**STORED DATA:**
= = = =

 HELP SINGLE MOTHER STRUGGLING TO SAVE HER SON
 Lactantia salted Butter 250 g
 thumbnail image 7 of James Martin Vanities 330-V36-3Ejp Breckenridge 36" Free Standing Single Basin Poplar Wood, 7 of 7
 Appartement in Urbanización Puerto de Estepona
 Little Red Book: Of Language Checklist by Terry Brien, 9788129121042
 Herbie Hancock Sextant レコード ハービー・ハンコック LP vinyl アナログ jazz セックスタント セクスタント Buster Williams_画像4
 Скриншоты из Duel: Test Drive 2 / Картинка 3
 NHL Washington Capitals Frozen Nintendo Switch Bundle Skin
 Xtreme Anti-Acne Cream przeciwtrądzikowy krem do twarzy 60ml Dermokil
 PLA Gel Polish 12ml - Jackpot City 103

= = = =

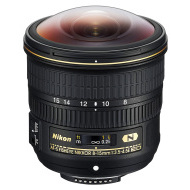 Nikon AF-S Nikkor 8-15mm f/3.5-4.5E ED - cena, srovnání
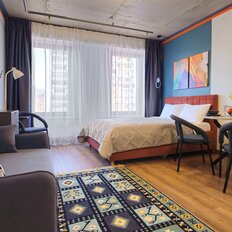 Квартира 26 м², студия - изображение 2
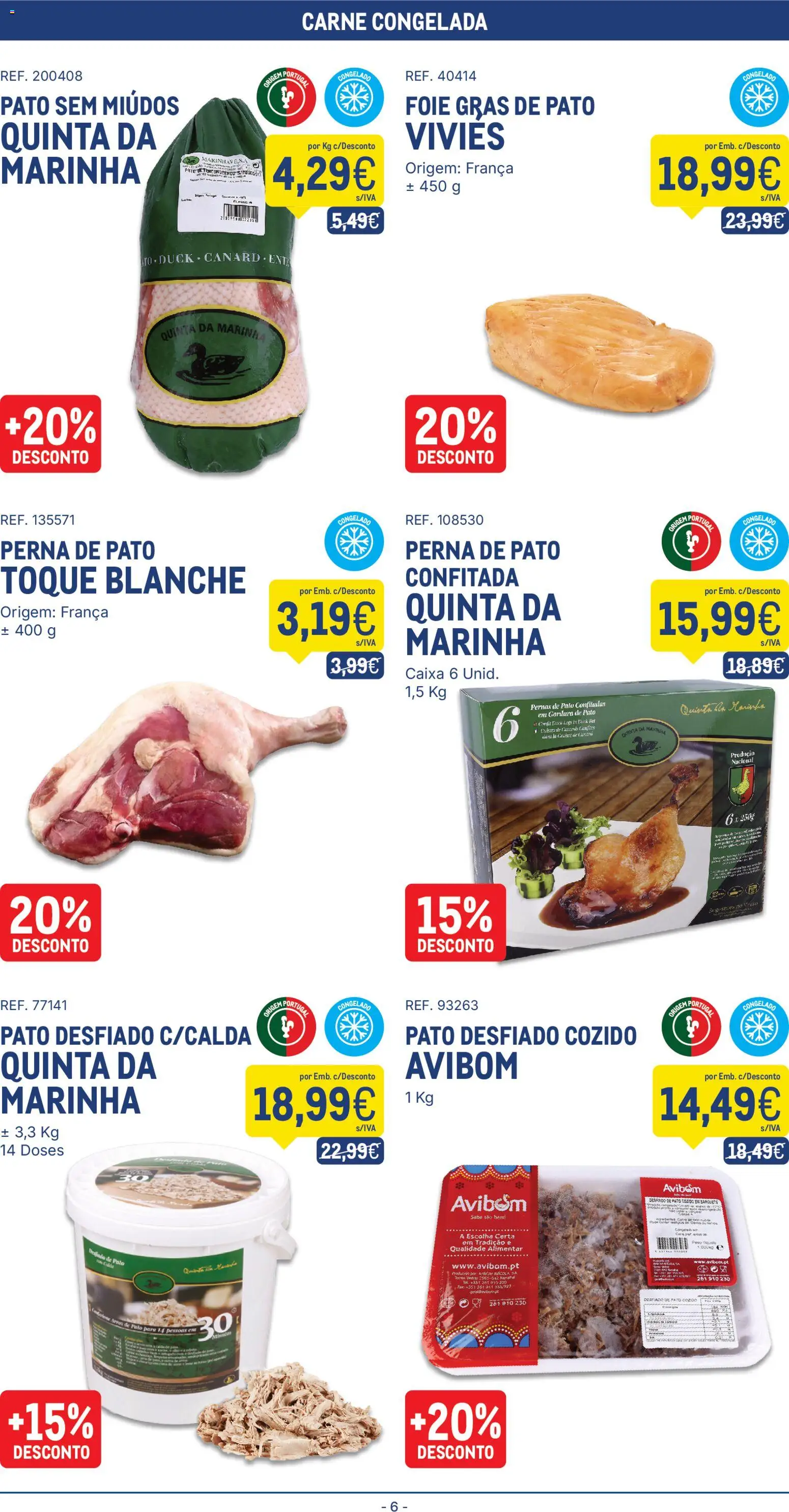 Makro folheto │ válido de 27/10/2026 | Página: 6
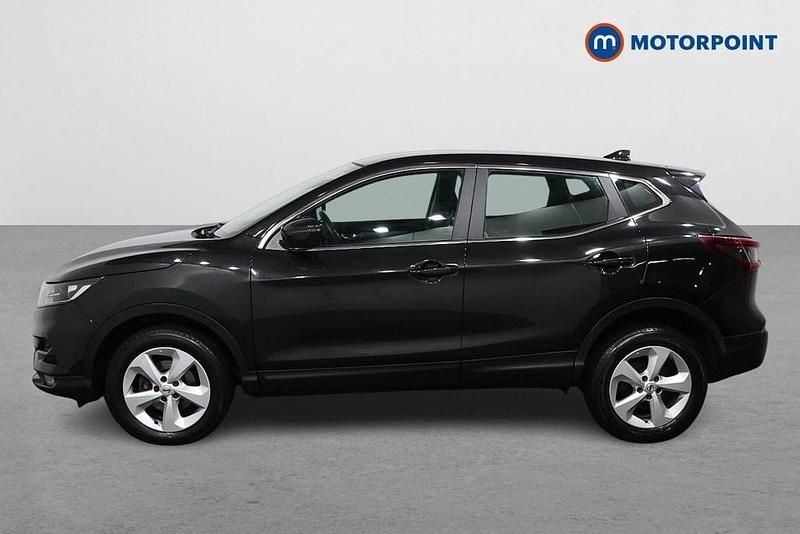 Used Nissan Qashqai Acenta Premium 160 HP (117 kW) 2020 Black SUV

= = = =

**THE TASK:**
Output only the lines above from the one containing "Nikon AF-S Nikkor" to the one containing "Used Nissan Qashqai", both included, exactly as written and with no pictures.

**ANSWER FOR THE TASK:**
 Nikon AF-S Nikkor 8-15mm f/3.5-4.5E ED - cena, srovnání
 Квартира 26 м², студия - изображение 2
 Makro folheto │ válido de 27/10/2026 | Página: 6
 Used Nissan Qashqai Acenta Premium 160 HP (117 kW) 2020 Black SUV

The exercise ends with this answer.